Bana “FETÖ’cü” demek hakarettir


- Sizin sıkı bir Atatürkçü olduğunuzu tüm dünya biliyor. İktidarların FETÖ ile kucaklaştığı dönemlerde bile Fetullah tehlikesine karşı yazdığınız nice yazılarınız var. Siz bunları yaptınız ama şimdi FETÖ’cü olmakla (!) suçlanıyorsunuz. Göğsünüze bu yaftayı yapıştırmaya çalışıyorlar. Bu konuda ne dersiniz?

Kendime en büyük hakaret sayarım. Yani birileri tacizci falan deseydi, hırsız deseydi, benim açımdan FETÖ’cü olmak kadar ağır bir suçlama olurdu!

- Türkiye’de yargı bağımsızlığı konusunda ne diyorsunuz?

Ülkemizin temel sorunu yargı bağımsızlığıdır. Daha doğrusu, yargının doğrudan iktidar gücüne bağımlı kılınmış olmasıdır. Türkiye’de yüksek yargı dahil bütün hakimlerin ve savcıların kaderi ve geleceği, siyasi iktidarın iki dudağı arasındadır. Dolayısıyla, onlar da haklı olarak endişe içindedir.

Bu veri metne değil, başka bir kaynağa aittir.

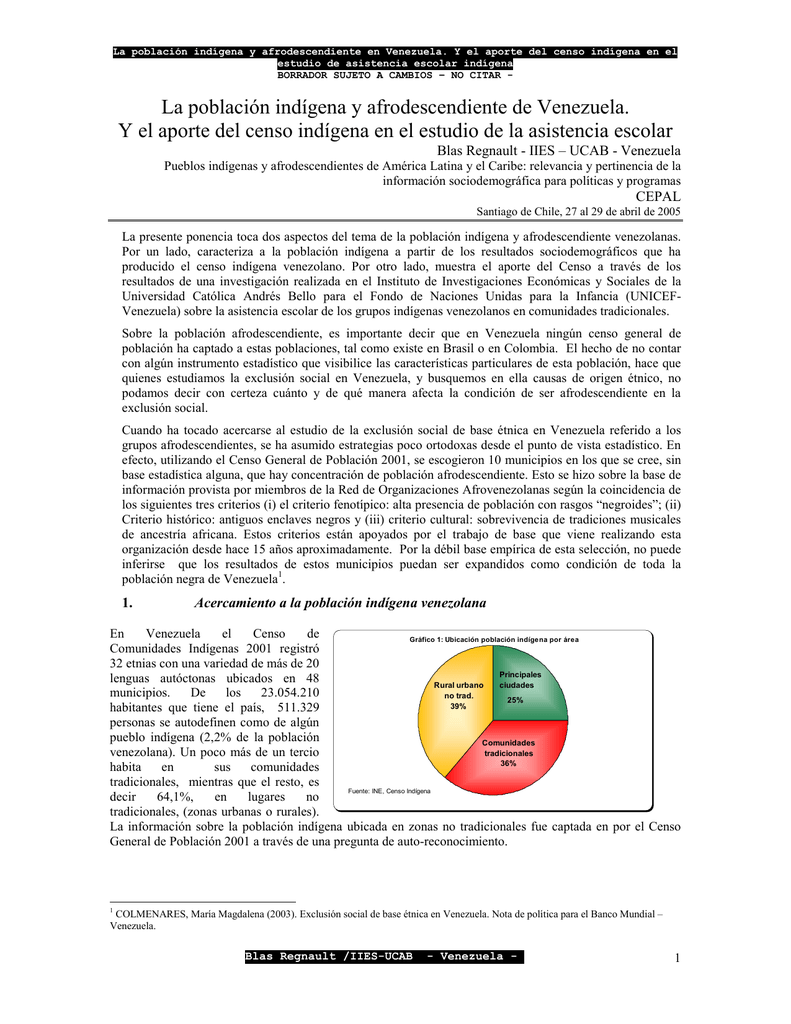 La Población Indígena Y Afrodescendiente De Venezuela. Y El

Yeni yıldan pek umutlu değilim


- Okurlarımıza ve halkımıza yönelik yeni yıl mesajınızı da alabilir miyim? Yeni yılda nasıl bir Türkiye bekliyor bizi, umutlu musunuz?

Herkesin yeni yılını kutlarım ama umutlu olduğumu ne yazık ki söyleyemem. 2018 ve sonrasında Türkiye seçim dönemlerine girecek, daha çok gerilecek, özgürlükler daha çok baskı altına alınacak, ekonomi dibe vuracak. Çoğunluk gibi ben de karamsarım. Yanılmayı dilerim.